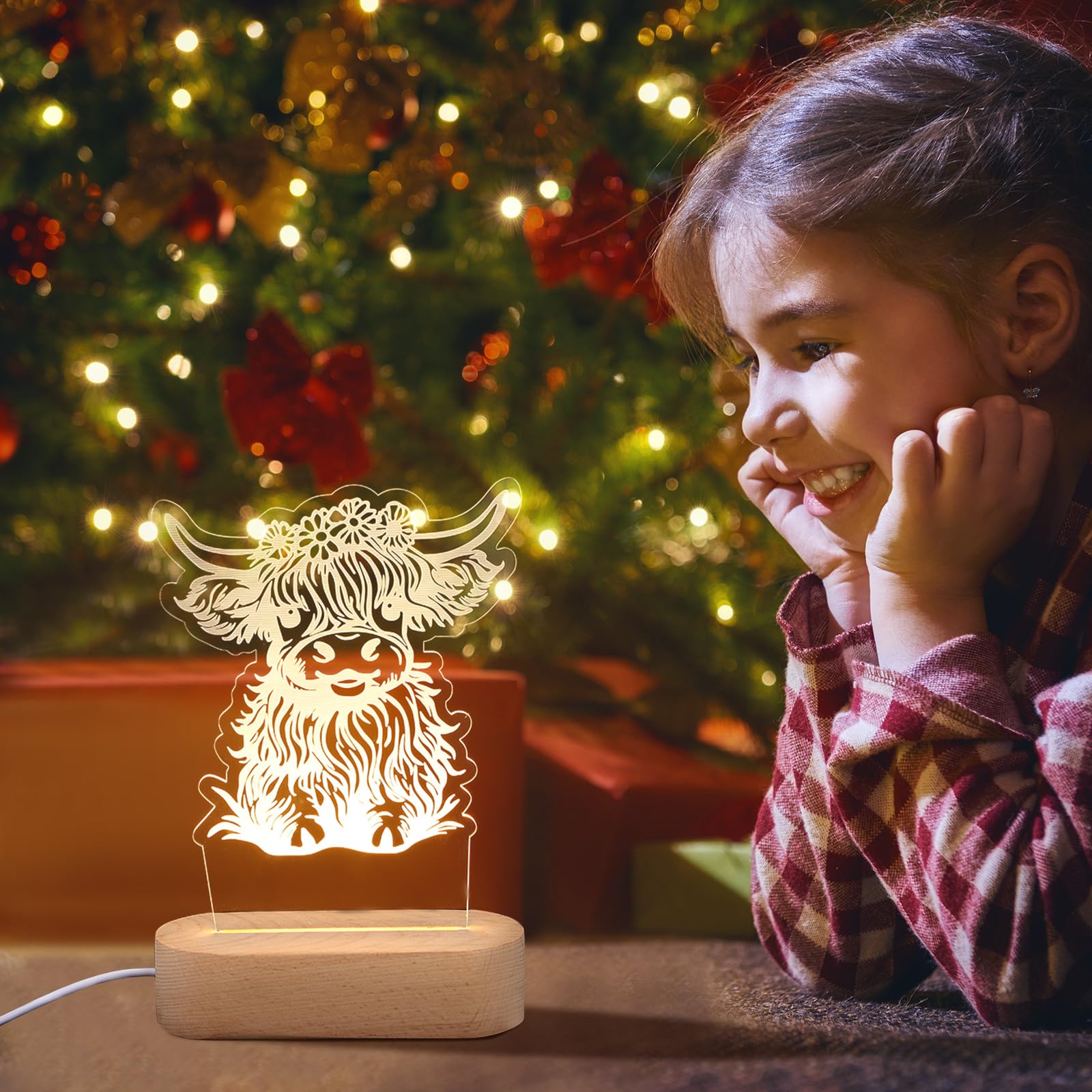 Dreyoo Night LED Light Acrylic Cute Nursery Night Lamp Christmas Bedside Lamp Decor Funny Animal Gifts for Girls Boys Teens(High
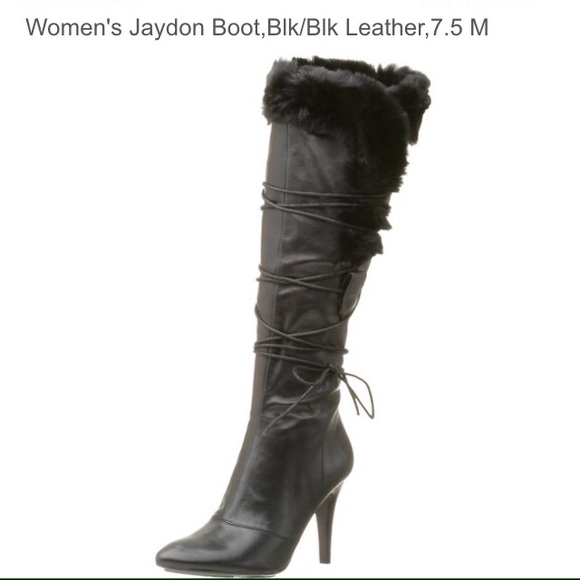 Nine West black leather boots with fur trim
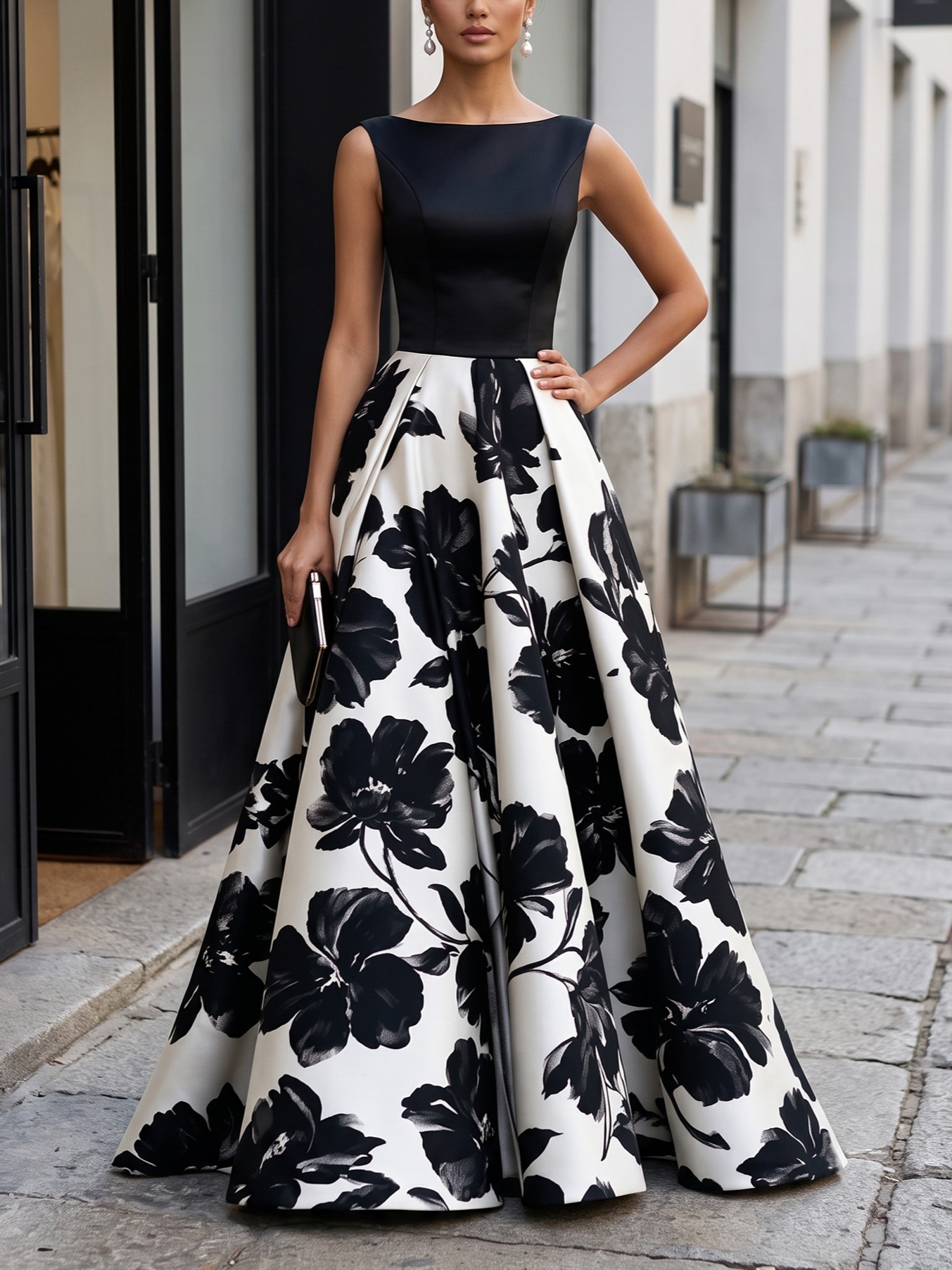 Bateau Neck Satin Ball Gown with Bold Floral Printed Skirt Maxi Dress
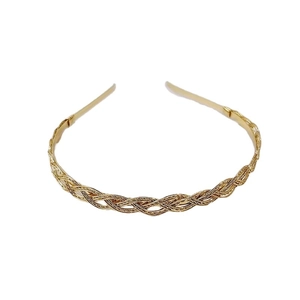 Classic French vintage gold twisted metal headband with a braided minimalist design
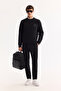 Men's Black Crew Neck Cotton Bi-Stretch Basic Regular Fit Sweatshirt A52Y1328 - 6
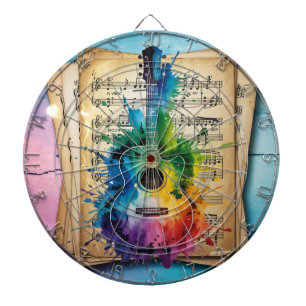 Colorful Melody: Painted Guitar on Vintage Music Dart Board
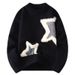 Men's Oversized Cable-Knit Sweater – Soft & Breathable Pullover For Layering (Black, White, Red, Star Print)_viptrois.com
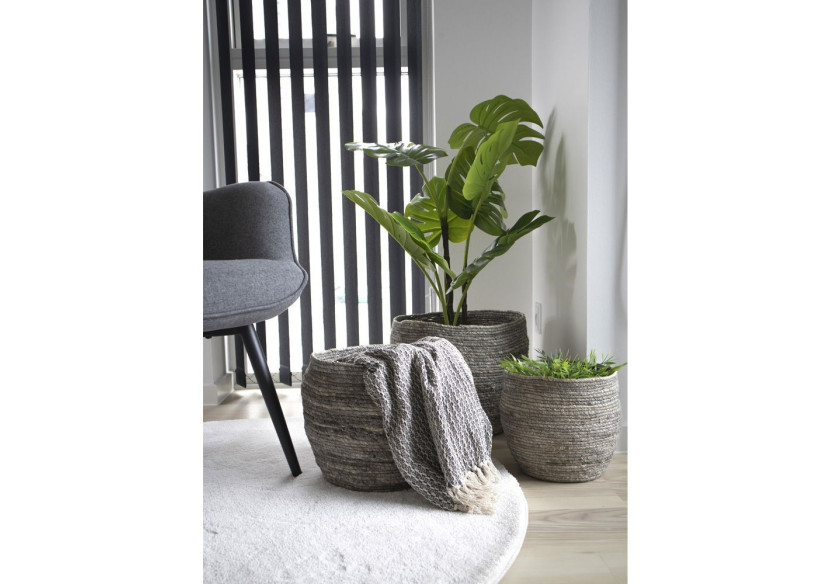 Ensemble de 3 Bacs Tivoli - Bacs ronds en feuille de maïs grise - 4401140 - House Nordic Ensemble de 3 Bacs Tivoli - Bacs ronds en feuille de maïs grise - 4401140 - House Nordic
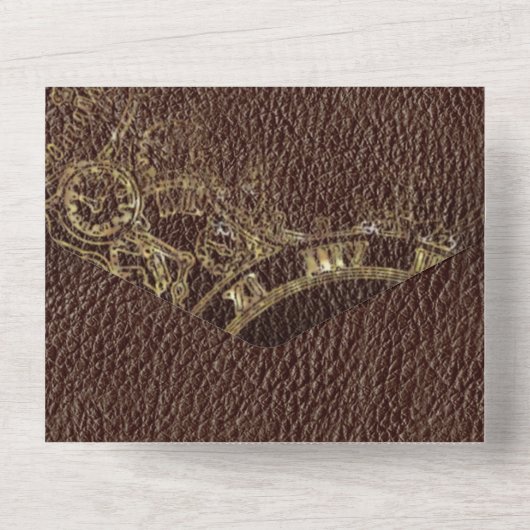 Sprookje thema gouden kasteel op leer all in one uitnodiging (Achterkant)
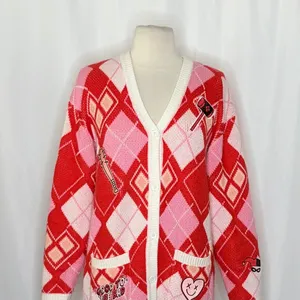 HARLEY QUINN Argyle Cardigan Sweater DC Comics Harlequin Batman Joker Small thumbnail 3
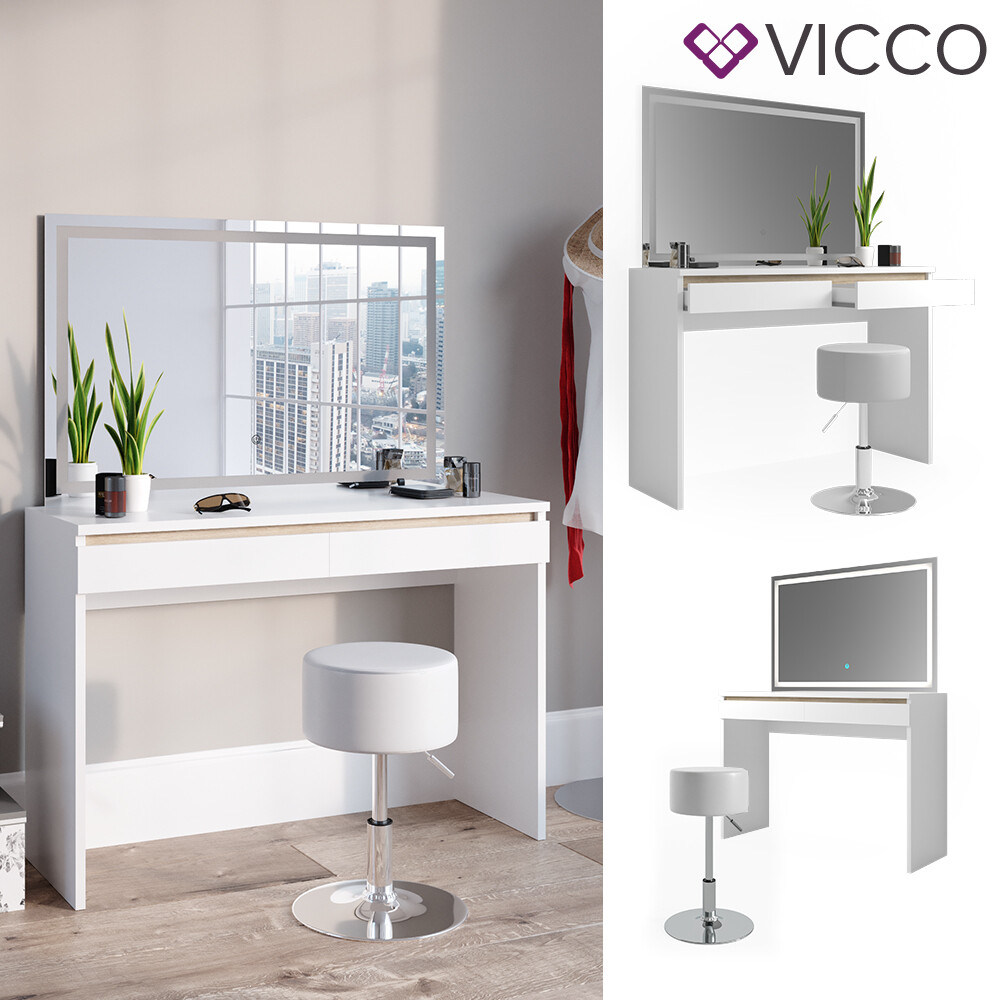 Schminktisch Frisiertisch Frisierkommode Emma Weiß/SON LED-Spiegel Hocker Vicco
========================
- [WORK TASK]: Copy out, with no pictures, the lines from the one containing "Sprookje thema gouden" through the last line of the data above, both ends included and each word unchanged.

- [RESULT FOR THIS TASK]:
 Sprookje thema gouden kasteel op leer all in one uitnodiging (Achterkant)
 HARLEY QUINN Argyle Cardigan Sweater DC Comics Harlequin Batman Joker Small thumbnail 3
 Schminktisch Frisiertisch Frisierkommode Emma Weiß/SON LED-Spiegel Hocker Vicco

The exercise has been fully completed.